On the surface, these don’t have much to do with physics. A friend of mine used to quip that condensed matter physicists seem to just “pick whatever they want to research”.
There is something that ties all of these topics together, though. They’re all things that physicists are good at.
Physics grad school gives you a wide variety of tools with which to understand the world. Thermodynamics gives you a way to understand large, complicated systems with statistics, while quantum field theory lets you understand everything with quantum properties, not just fundamental particles but materials as well. This batch of tools can be applied to “traditional” topics, but they’re equally applicable if you’re researching something else entirely, as long as it obeys the right kinds of rules.
In the end, the best definition of physics is the most useful one. Physicists should be people who can benefit from being part of physics organizations, from reading physics journals, and especially from training (and having been) physics grad students. The whole reason we have scientific disciplines in the first place is to make it easier for people with common interests to work together. That’s why Akasaki, Amano, and Nakamura aren’t “just” engineers, and why I and my fellow string theorists aren’t “just” mathematicians. We use our knowledge of physics to do our jobs, and that, more than anything else, makes us physicists.

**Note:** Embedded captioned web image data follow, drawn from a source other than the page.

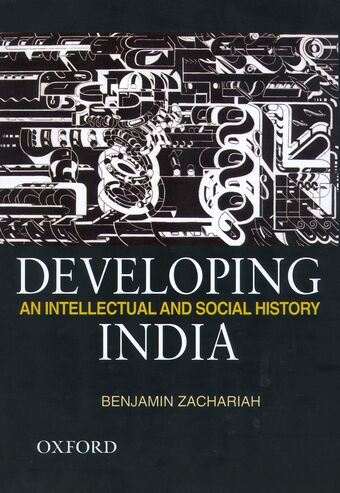 Developing India book cover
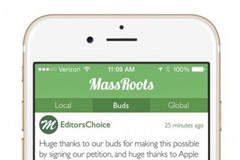 В App Store опять появилась социальная сеть для любителей марихуаны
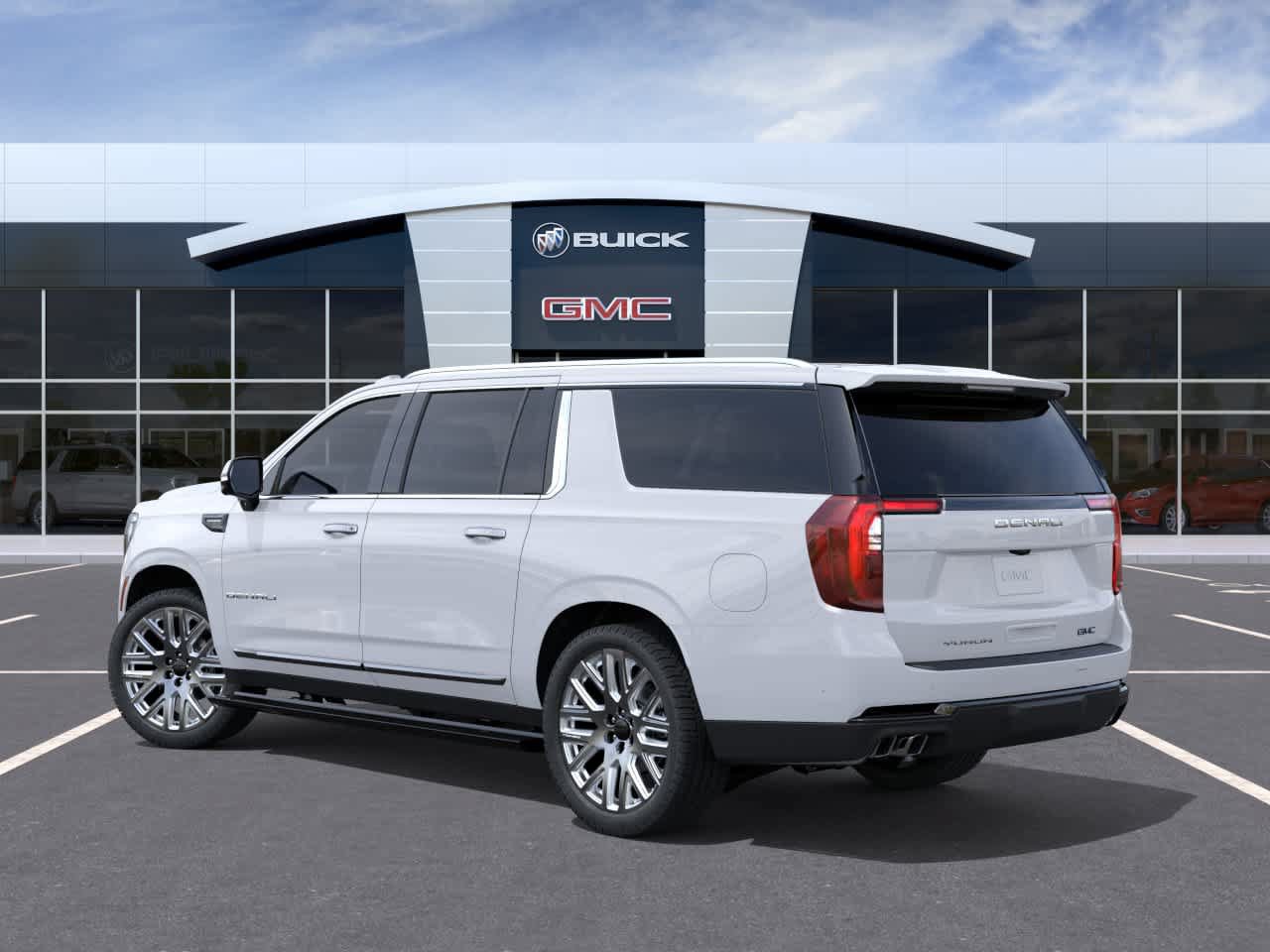 New 2026 GMC Yukon XL Denali Ultimate AWD/4WD image 3
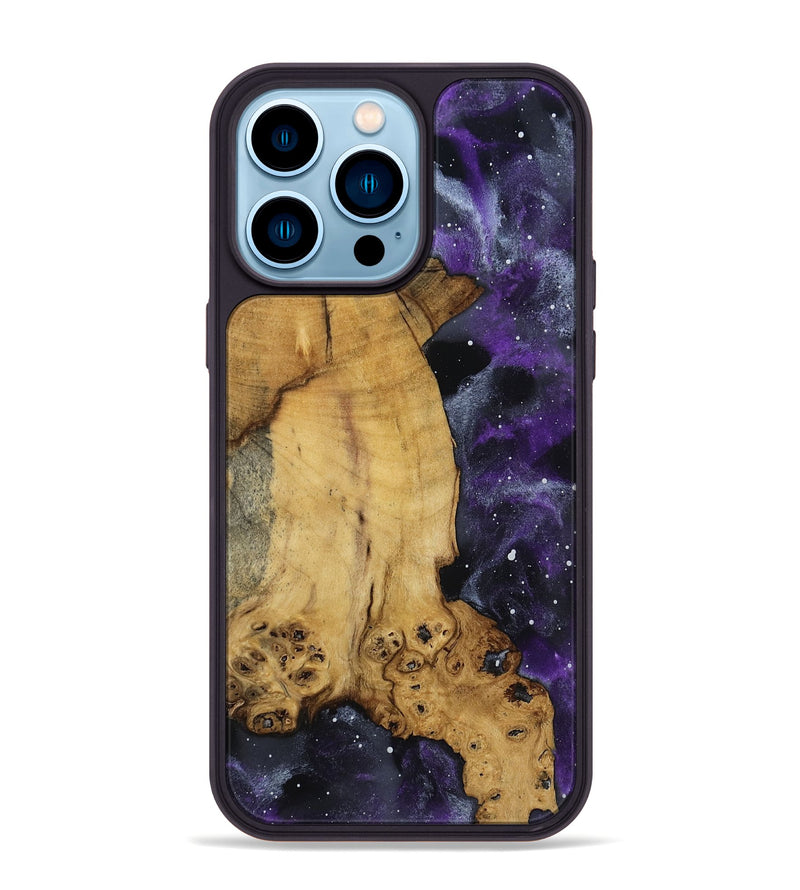 iPhone 14 Pro Max Wood Phone Case - Renata (Cosmos, 793840)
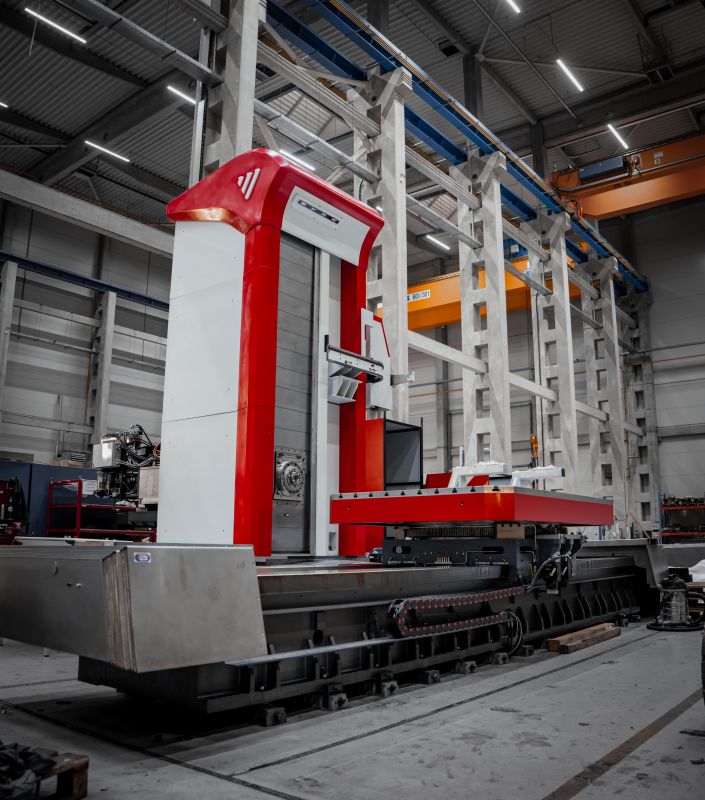WFT 13-R Horizontal boring mill with ram stro - Stock Machines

Edit: It has been pointed out to me that there’s a bit more to this story than the main accounts have let on. Apparently another researcher named Herbert Paul Maruska was quite close to getting a blue LED up and running back in the early 1970’s, getting far enough to have a working prototype. There’s a whole fascinating story about the quest for a blue LED, related here. Maruska seems to be on friendly terms with Akasaki, Amano, and Nakamura, and doesn’t begrudge them their recognition.